» **PROBLEM TO WORK ON**
Your copy should match the listing below word for word, with no images in it.

***** DATA SECTION *****

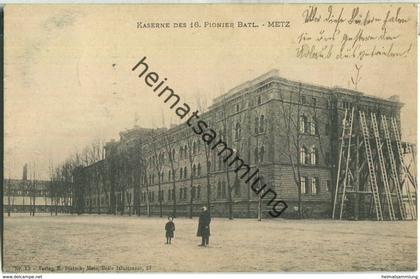 Metz - Kaserne des 16. Pionier Batl.. - Verlag E. Dietsch Metz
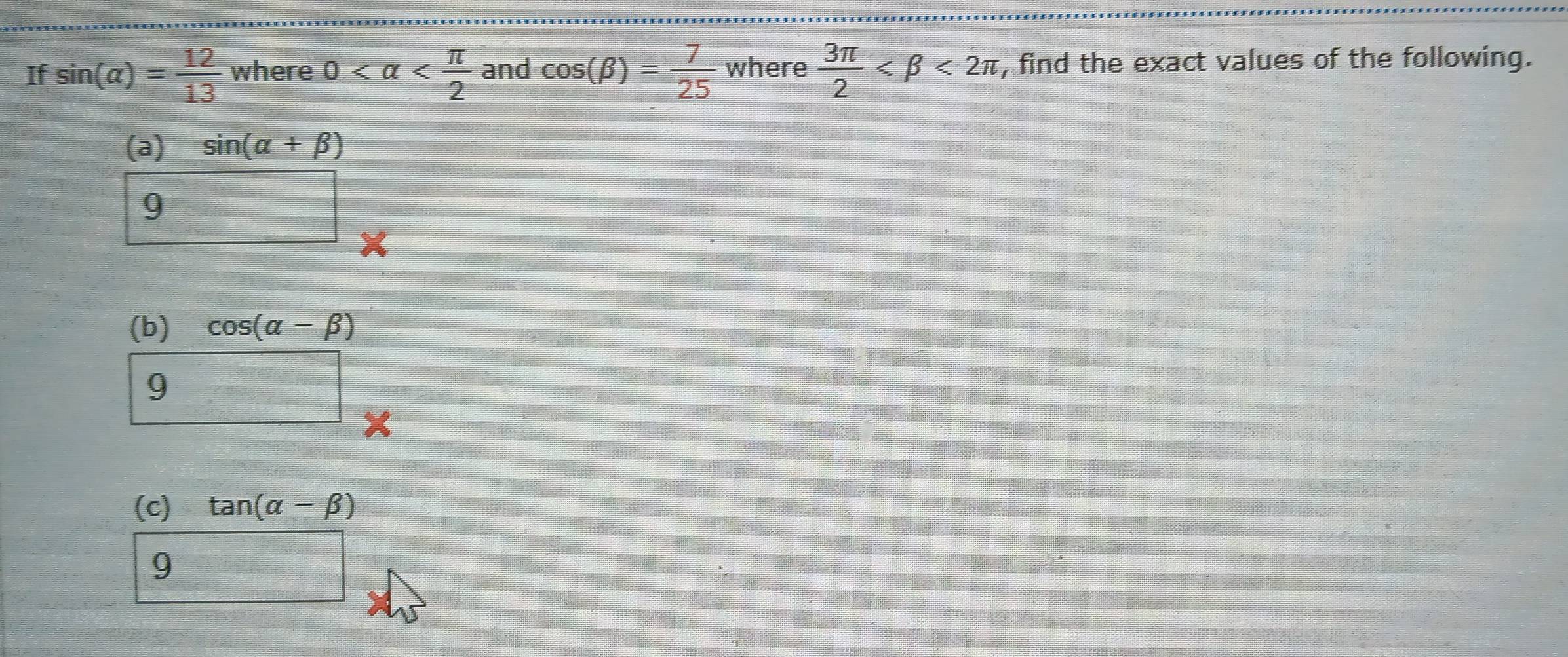 If sin (alpha )= 12/13  where 0 and cos (beta )= 7/25  where  3π /2  <2π , find the exact values of the following. 
(a)
sin (alpha +beta )
9 
(b) cos (alpha -beta )
9 
□ 
(c) tan (alpha -beta )
9
 □ /□  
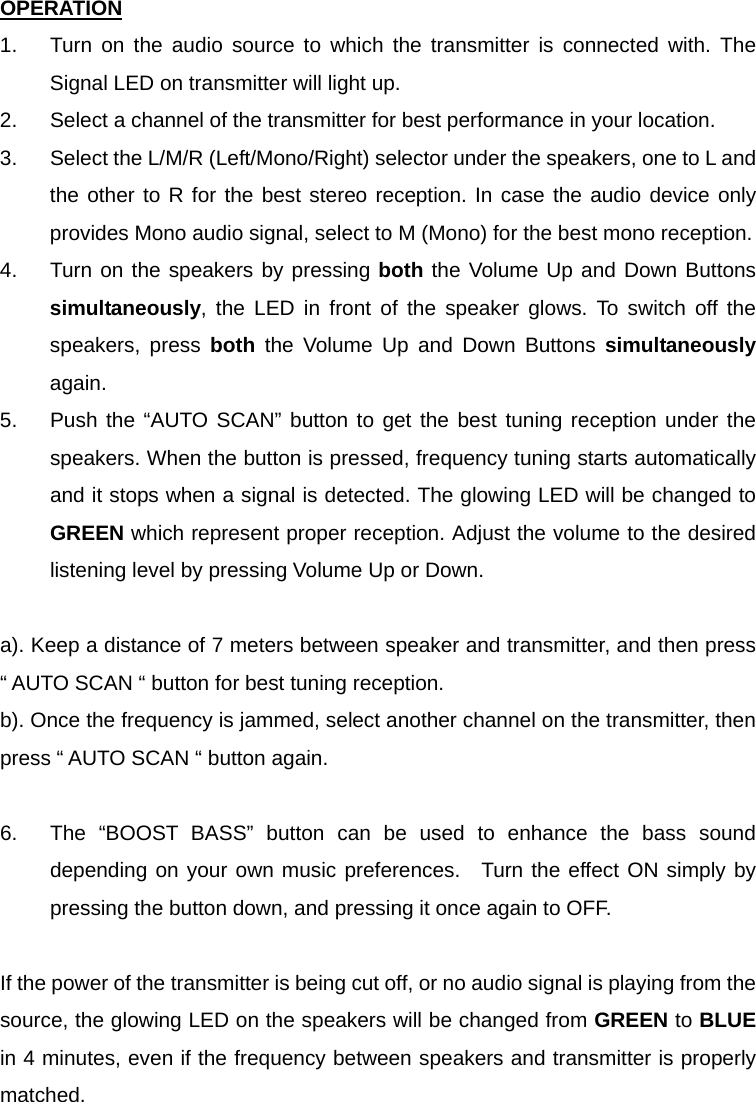 OPERATION 1.  Turn on the audio source to which the transmitter is connected with. The Signal LED on transmitter will light up. 2.  Select a channel of the transmitter for best performance in your location. 3.  Select the L/M/R (Left/Mono/Right) selector under the speakers, one to L and the other to R for the best stereo reception. In case the audio device only provides Mono audio signal, select to M (Mono) for the best mono reception. 4.  Turn on the speakers by pressing both the Volume Up and Down Buttons simultaneously, the LED in front of the speaker glows. To switch off the speakers, press both the Volume Up and Down Buttons simultaneously again. 5.  Push the “AUTO SCAN” button to get the best tuning reception under the speakers. When the button is pressed, frequency tuning starts automatically and it stops when a signal is detected. The glowing LED will be changed to GREEN which represent proper reception. Adjust the volume to the desired listening level by pressing Volume Up or Down.  a). Keep a distance of 7 meters between speaker and transmitter, and then press “ AUTO SCAN “ button for best tuning reception. b). Once the frequency is jammed, select another channel on the transmitter, then press “ AUTO SCAN “ button again.  6.  The “BOOST BASS” button can be used to enhance the bass sound depending on your own music preferences.  Turn the effect ON simply by pressing the button down, and pressing it once again to OFF.  If the power of the transmitter is being cut off, or no audio signal is playing from the source, the glowing LED on the speakers will be changed from GREEN to BLUE in 4 minutes, even if the frequency between speakers and transmitter is properly matched. 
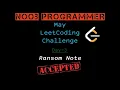 Day 3 May LeetCoding Challenge Ransom Note Simple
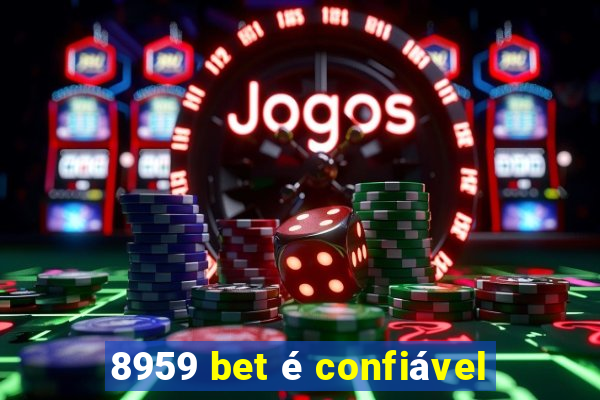 8959 bet é confiável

*****

» **TASK ANSWER**
 Metz - Kaserne des 16. Pionier Batl.. - Verlag E. Dietsch Metz
 If sin (alpha )= 12/13  where 0 and cos (beta )= 7/25  where  3π /2  <2π , find the exact values of the following. 
(a)
sin (alpha +beta )
9 
(b) cos (alpha -beta )
9 
□ 
(c) tan (alpha -beta )
9
 □ /□  
 OPERATION 1.  Turn on the audio source to which the transmitter is connected with. The Signal LED on transmitter will light up. 2.  Select a channel of the transmitter for best performance in your location. 3.  Select the L/M/R (Left/Mono/Right) selector under the speakers, one to L and the other to R for the best stereo reception. In case the audio device only provides Mono audio signal, select to M (Mono) for the best mono reception. 4.  Turn on the speakers by pressing both the Volume Up and Down Buttons simultaneously, the LED in front of the speaker glows. To switch off the speakers, press both the Volume Up and Down Buttons simultaneously again. 5.  Push the “AUTO SCAN” button to get the best tuning reception under the speakers. When the button is pressed, frequency tuning starts automatically and it stops when a signal is detected. The glowing LED will be changed to GREEN which represent proper reception. Adjust the volume to the desired listening level by pressing Volume Up or Down.  a). Keep a distance of 7 meters between speaker and transmitter, and then press “ AUTO SCAN “ button for best tuning reception. b). Once the frequency is jammed, select another channel on the transmitter, then press “ AUTO SCAN “ button again.  6.  The “BOOST BASS” button can be used to enhance the bass sound depending on your own music preferences.  Turn the effect ON simply by pressing the button down, and pressing it once again to OFF.  If the power of the transmitter is being cut off, or no audio signal is playing from the source, the glowing LED on the speakers will be changed from GREEN to BLUE in 4 minutes, even if the frequency between speakers and transmitter is properly matched. 
 Day 3 May LeetCoding Challenge Ransom Note Simple
 8959 bet é confiável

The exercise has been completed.